Minted Pea & Spinach Soup
A super easy and quick soup to prepare. A healthy low calorie option that is perfect for warm sunny days.
• 10oz frozen peas
• ½ cup frozen spinach
• Handful of fresh mint leaves
• ½ a vegetable or chicken stock cube
• The green part of one spring onion / scallion chopped
› Place defrosted peas, spinach, onion, mint and stock cube in a blender.
› Cover with cold water or stock and blend.
› Season with salt and pepper.
› Keep the bright green soup in the fridge until ready to serve and then warm up just before serving. (Please note, if you overcook this soup it will lose its vibrant colour!)
Cut down on takeaway bills by teaching your adolescent how to make pizzas from scratch. Making your own pizzas is a great way to spend an evening with friends – you can even turn it into a competition; the person with the most creative pizza wins! To make things even easier, we have come up with a two-ingredient pizza dough base that even novice cooks will be able to master. Give it a go with both savoury and sweet toppings!
Pizza Dough Ingredients
•1 cup full fat Greek yoghurt
•1 cup self-raising flour (or rice flour if you are gluten-free)
› Mix flour and Greek yoghurt together in a bowl.
› Transfer to a work surface floured with self-rising flour.
› Knead dough, adding more flour as needed to keep dough from being too sticky, for 8 to 10 minutes.
• Preheat oven to 475°F.
• Line a baking tray with parchment paper.
• Divide the dough into 4 equal balls and roll out to form a pizza shape about ½ cm thick.

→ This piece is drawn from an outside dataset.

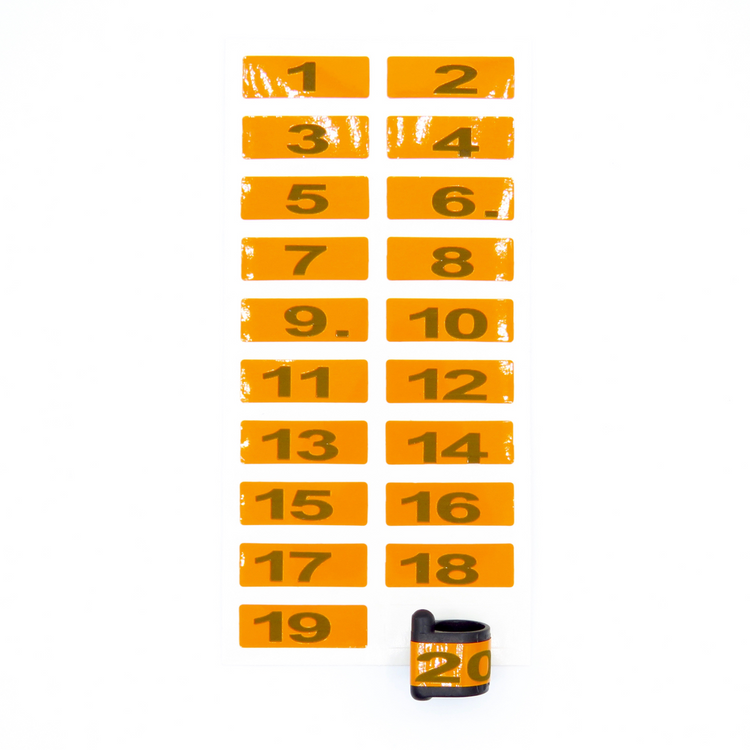 E-Z Marker Numbered - Orange / 21-40 | Chicken Antibiotics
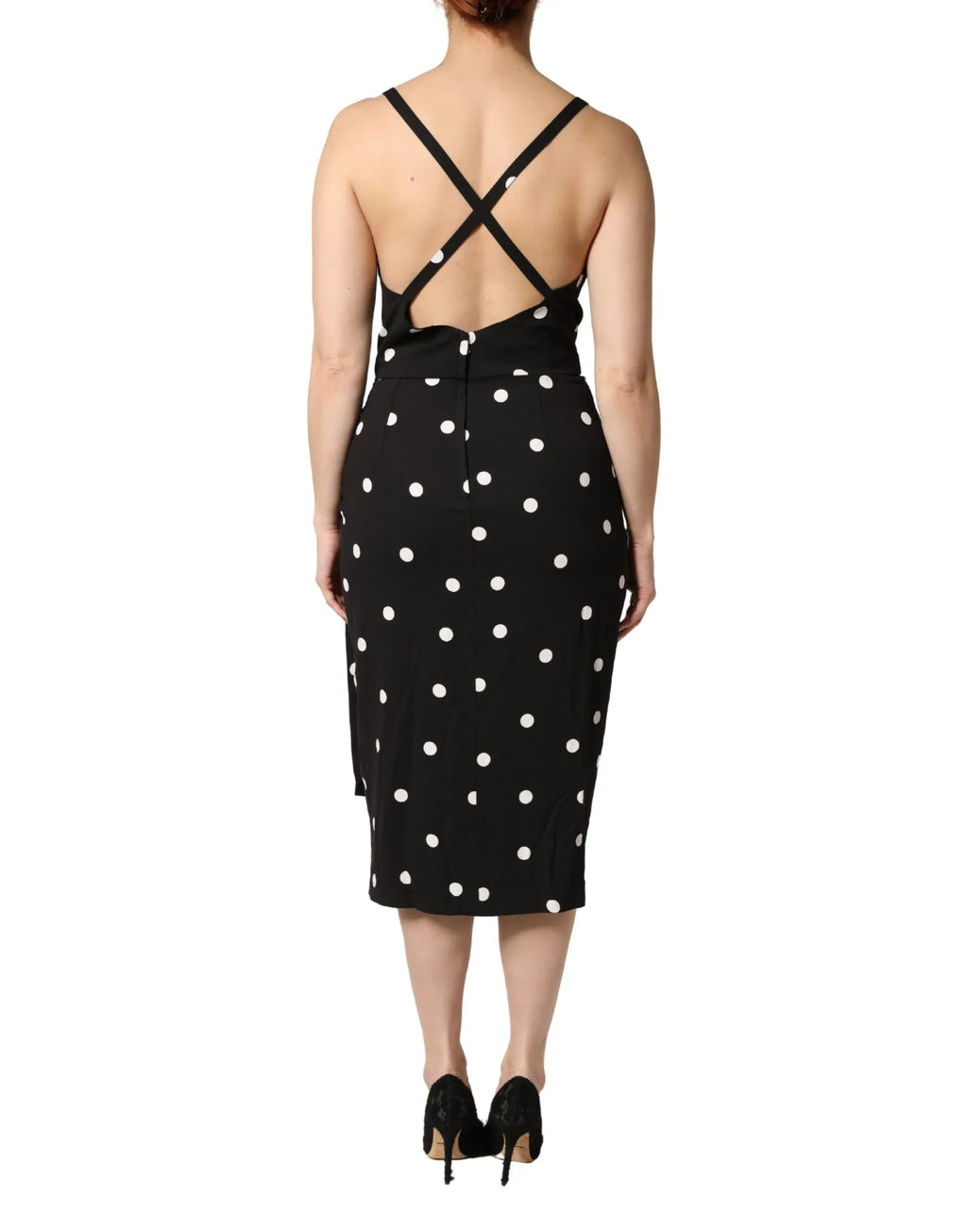 Dolce & Gabbana Black Polka Dotted Viscose Sheath Dress - Zeiniez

• Place on the baking sheet and bake in the centre of the oven for 5-10 minutes until the crust begins to bubble and turn golden.
• Remove from the oven and add the toppings of your choice.
• Return to the oven and cook for a further 5-7 minutes until cooked. Serve with a salad.
› For the tomato sauce you can use three defrosted tomato sauce cubes.
› Add any of the following additional toppings: grated mozzarella, mushrooms, salami, peppers, chicken, ham, tinned pineapple – the choices are endless!
› When mixing the dough remove two tablespoons of flour and add two tablespoons of cocoa powder and an optional tablespoon of sugar.
› Divide the dough into 4 equal balls and roll out to form a pizza shape about ½ cm thick.
› Place on the baking sheet and bake in the centre of the oven for 5-10 minutes until the crust begins to bubble and turn golden.
› Remove from the oven and spread generously with Nutella, add chopped bananas or strawberries and sliced almonds.
› Return to the oven for 2-5 minutes.